Spicy Rubbed Pork Ribs with Apple Slaw
- 800 g (3 lbs) pork ribs
- 150 ml (2/3 cup) barbecue sauce, store-bought or homemade
- 5 g (1 tsp) smoked paprika
- 5 g (1 tsp) garlic powder
- 5 g (1 tsp) onion powder
- 5 g (1 tsp) ground cumin
- 3 g (1/2 tsp) cayenne pepper (adjust to taste)
- 5 g (1 tsp) black pepper
- 10 g (2 tsp) fine sea salt
- 200 g (7 oz) white cabbage, finely shredded
- 1 apple, cored and thinly sliced
- 50 g (1/4 cup) red onion, thinly sliced
- 150 ml (2/3 cup) mayonnaise
- 50 g (1/4 cup) sour cream
- 30 g (2 tbsp) fresh parsley, chopped, plus extra for garnish
- 5 g (1 tsp) yellow mustard seeds
- Salt and pepper to taste
1. Preheat your grill to medium-high heat, around 190°C (375°F).
2. In a small bowl, mix together the barbecue sauce, smoked paprika, garlic powder, onion powder, cumin, cayenne, black pepper, and salt to form a thick spice paste.
3. Remove the membrane from the back of the pork ribs using a knife or paper towel for grip, then rub the spice mixture generously all over the ribs, coating both sides evenly.
4. Place the ribs on the grill, bone-side down, and cook for 2 hours with the lid closed, turning once after 1 hour, until the meat is tender and pulls easily from the bone.
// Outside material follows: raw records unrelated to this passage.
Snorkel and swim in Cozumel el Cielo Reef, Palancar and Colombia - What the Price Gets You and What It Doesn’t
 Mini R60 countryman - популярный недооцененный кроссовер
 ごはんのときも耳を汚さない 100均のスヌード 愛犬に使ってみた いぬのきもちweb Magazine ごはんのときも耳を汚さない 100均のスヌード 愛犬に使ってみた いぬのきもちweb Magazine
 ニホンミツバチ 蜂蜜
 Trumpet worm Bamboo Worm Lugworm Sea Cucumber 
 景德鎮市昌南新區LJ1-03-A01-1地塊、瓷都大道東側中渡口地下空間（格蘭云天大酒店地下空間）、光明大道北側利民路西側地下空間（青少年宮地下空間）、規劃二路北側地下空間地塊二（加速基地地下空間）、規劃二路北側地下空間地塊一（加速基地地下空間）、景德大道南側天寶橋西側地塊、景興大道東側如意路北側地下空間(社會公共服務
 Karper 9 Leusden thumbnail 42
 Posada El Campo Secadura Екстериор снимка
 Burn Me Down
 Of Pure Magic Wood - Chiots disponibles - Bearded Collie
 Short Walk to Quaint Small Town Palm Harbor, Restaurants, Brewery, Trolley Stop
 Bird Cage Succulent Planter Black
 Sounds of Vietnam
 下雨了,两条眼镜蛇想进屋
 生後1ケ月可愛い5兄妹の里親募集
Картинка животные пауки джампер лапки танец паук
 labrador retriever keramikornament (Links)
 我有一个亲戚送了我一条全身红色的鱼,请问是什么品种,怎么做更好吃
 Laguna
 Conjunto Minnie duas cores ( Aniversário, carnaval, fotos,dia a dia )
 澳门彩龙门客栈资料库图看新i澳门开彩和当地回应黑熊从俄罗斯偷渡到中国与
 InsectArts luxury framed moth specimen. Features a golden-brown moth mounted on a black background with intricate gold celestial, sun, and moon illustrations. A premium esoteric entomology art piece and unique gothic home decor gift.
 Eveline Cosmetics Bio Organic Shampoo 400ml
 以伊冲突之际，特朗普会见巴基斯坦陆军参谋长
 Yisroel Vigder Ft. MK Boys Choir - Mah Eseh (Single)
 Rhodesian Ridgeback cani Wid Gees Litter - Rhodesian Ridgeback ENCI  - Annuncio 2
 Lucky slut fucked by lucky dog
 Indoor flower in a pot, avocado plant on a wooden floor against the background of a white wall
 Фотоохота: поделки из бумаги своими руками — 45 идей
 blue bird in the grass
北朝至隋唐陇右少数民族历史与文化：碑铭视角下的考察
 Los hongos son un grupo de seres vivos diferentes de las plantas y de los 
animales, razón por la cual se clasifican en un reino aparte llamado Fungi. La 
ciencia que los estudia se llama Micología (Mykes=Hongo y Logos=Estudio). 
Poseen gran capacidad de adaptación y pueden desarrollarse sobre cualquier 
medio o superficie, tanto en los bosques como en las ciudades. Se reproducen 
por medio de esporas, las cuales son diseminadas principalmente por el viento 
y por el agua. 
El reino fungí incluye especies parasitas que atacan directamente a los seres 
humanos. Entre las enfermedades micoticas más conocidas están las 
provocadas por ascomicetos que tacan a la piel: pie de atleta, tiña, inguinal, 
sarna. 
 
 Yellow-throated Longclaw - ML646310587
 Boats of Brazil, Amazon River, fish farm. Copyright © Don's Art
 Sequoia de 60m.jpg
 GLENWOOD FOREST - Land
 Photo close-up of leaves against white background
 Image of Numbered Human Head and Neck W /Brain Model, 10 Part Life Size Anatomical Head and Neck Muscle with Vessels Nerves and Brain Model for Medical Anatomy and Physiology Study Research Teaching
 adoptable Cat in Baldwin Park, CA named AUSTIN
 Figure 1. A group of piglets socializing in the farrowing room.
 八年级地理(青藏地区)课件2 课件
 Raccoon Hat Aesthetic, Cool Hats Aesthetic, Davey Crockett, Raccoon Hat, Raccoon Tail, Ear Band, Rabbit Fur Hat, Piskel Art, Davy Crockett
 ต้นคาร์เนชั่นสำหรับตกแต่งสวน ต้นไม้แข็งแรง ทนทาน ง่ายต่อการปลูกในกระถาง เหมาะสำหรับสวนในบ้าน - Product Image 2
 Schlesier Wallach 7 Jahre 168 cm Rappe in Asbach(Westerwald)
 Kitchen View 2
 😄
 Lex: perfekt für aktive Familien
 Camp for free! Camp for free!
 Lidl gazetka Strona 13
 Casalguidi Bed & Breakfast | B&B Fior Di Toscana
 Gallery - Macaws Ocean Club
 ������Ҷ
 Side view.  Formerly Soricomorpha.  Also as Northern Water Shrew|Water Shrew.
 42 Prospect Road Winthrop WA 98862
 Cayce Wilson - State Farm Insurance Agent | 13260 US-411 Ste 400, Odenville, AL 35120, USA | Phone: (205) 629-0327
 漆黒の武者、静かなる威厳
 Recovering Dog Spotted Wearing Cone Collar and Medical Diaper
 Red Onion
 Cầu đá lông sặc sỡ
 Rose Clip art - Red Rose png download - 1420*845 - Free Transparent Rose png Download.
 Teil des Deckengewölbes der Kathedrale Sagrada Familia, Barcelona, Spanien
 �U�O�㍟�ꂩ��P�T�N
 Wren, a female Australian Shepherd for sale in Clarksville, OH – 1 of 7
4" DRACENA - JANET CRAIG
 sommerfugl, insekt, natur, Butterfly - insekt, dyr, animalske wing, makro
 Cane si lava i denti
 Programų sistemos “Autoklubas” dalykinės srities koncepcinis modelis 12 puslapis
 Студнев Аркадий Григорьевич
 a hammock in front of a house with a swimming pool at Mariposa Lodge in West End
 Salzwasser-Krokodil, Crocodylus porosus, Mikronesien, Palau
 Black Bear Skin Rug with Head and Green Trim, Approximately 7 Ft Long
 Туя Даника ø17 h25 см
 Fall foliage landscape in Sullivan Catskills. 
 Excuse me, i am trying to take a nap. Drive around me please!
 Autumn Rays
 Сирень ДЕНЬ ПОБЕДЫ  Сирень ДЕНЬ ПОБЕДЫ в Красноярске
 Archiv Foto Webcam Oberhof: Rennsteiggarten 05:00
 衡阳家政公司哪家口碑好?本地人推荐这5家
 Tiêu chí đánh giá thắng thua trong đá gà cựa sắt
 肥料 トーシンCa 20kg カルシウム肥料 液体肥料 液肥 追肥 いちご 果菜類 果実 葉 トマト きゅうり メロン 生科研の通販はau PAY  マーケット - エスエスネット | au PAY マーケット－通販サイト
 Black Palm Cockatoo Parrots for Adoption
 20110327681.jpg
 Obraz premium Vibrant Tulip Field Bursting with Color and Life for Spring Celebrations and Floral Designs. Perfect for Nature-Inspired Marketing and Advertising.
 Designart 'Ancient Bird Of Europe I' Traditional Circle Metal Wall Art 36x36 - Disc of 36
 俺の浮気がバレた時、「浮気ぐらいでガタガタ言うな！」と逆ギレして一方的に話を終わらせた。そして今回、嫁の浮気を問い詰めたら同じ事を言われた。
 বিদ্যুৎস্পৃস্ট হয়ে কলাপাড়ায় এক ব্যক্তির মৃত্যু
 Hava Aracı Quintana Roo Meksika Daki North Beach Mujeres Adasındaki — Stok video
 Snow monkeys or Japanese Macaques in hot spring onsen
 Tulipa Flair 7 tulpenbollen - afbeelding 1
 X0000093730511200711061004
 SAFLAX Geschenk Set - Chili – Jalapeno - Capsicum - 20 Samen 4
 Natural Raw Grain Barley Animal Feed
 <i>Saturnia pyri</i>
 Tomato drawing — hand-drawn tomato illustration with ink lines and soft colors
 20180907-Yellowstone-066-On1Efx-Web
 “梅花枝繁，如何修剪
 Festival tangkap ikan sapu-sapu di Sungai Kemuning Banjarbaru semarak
5. While the ribs cook, prepare the apple slaw: in a large bowl, combine the shredded cabbage, sliced apple, and red onion.
6. In a separate small bowl, whisk together the mayonnaise, sour cream, chopped parsley, mustard seeds, and a pinch of salt and pepper. Pour over the slaw and toss until evenly coated. Chill until serving.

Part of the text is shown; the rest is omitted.